Temperature and moisture can affect germination percentage and rate either singly or in combination [7]. If sufficient moisture and oxygen are provided, temperature determines the characteristics of mass germination (such as rate, uniformity and percentage of germination) of non-dormant seeds [8-12], and the effects of temperature on plant development are the basis for models that predict germination timing [13]. Temperature is the most important driving force influencing crop development rate [14].
In 1860, it was found that plants have base or minimum, optimum and maximum or ceiling germination temperatures. The minimum or base temperature is the lowest temperature at which germination happens. The optimum temperature is the temperature with the highest germination rate and the maximum or ceiling temperature is the highest temperature at which seeds can germinate [12,15,16]. Cardinal temperatures may significantly differ in various species and varieties [17].
Each plant germinates in a specific temperature range known as cardinal temperatures [18], which includes minimum, optimum and maximum temperatures that have applications in presenting models for predicting germination [12]. Plant growth rate increases with temperature rises from the base to the optimum temperatures and declines from the optimum to the ceiling temperatures [19]. Temperature not only affects germination percentage but also germination rate [20]. Since temperature has considerable effects on germination characteristics, such as the start of percentage and germination percentage and rate, it is, therefore, the most critical factor determining the success or failure of plant establishment [21].
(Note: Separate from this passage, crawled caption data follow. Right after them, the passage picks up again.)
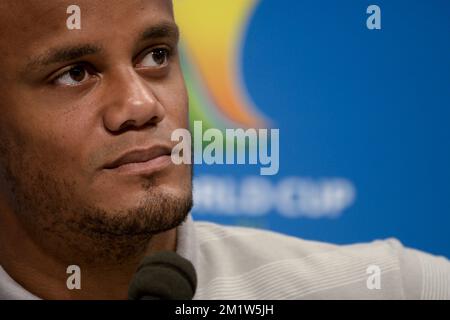 20140621 - RIO DE JANEIRO, BRASILE: Vincent Kompany, in Belgio, è stato raffigurato durante una conferenza stampa della nazionale belga di calcio Red Devils a Rio de Janeiro, Brasile, durante la Coppa del mondo FIFA 2014, sabato 21 giugno 2014. FOTO DI BELGA DIRK WAEM Foto Stock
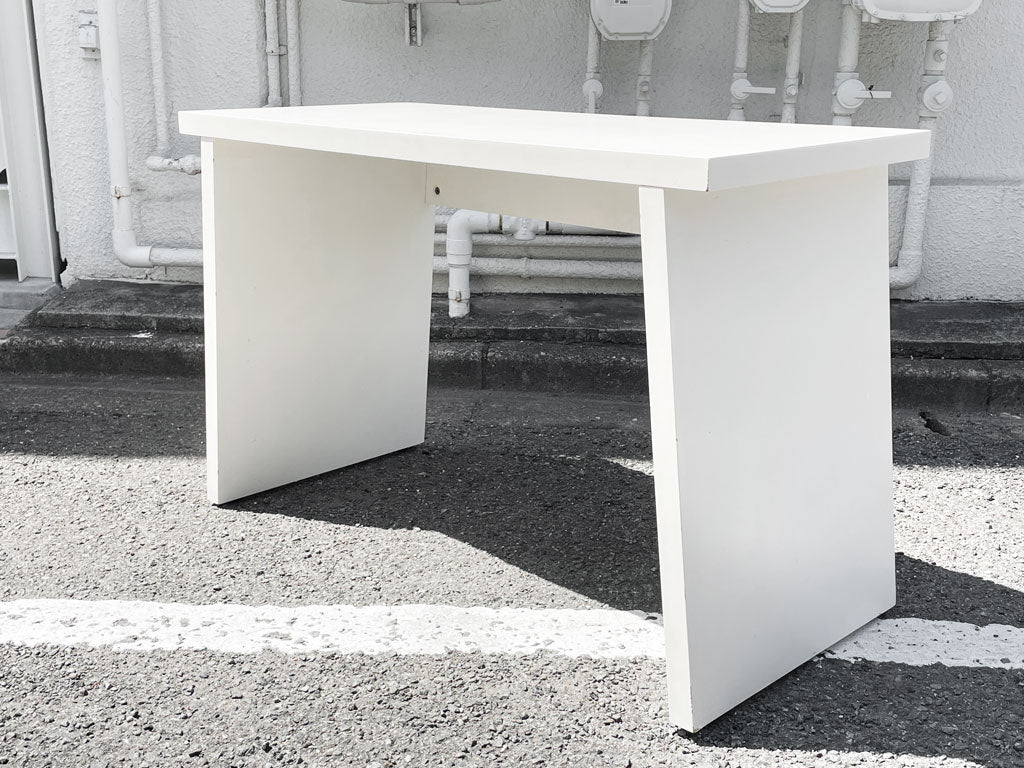 レトロモダン Retro Modern デスク 机 ホワイト シンプル 木製 中古品 買い取りしました。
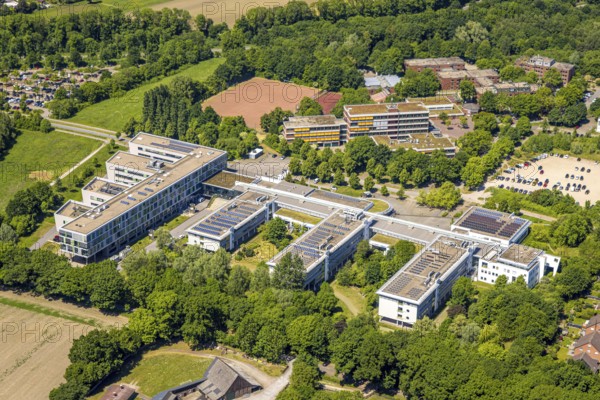 Aerial view, Westphalian University, University of Applied Sciences, behind Hans-Schwier-Berufskolleg, Buer, Gelsenkirchen, Ruhr area, North Rhine-Westphalia, Germany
Seeds of different plants respond to temperature differently. Germination rate and percentage reach their maximums at the optimum temperature and decline to zero at the ceiling and the base temperatures [22]. Some studies suggest that, normally, germination rate increases linearly, at least in a suitable temperature range, but falls sharply at temperatures exceeding this range [23]. It is useful to study seed germination and emergence responses to temperature because it allows us to determine the cardinal temperatures for creating models that can predict seed germination and emergence and for selecting the suitable planting time. It also enables us to select species and genotypes that are able to tolerate low or high temperatures and to determine geographical regions where plant species and genotypes can germinate and establish successfully [11,12].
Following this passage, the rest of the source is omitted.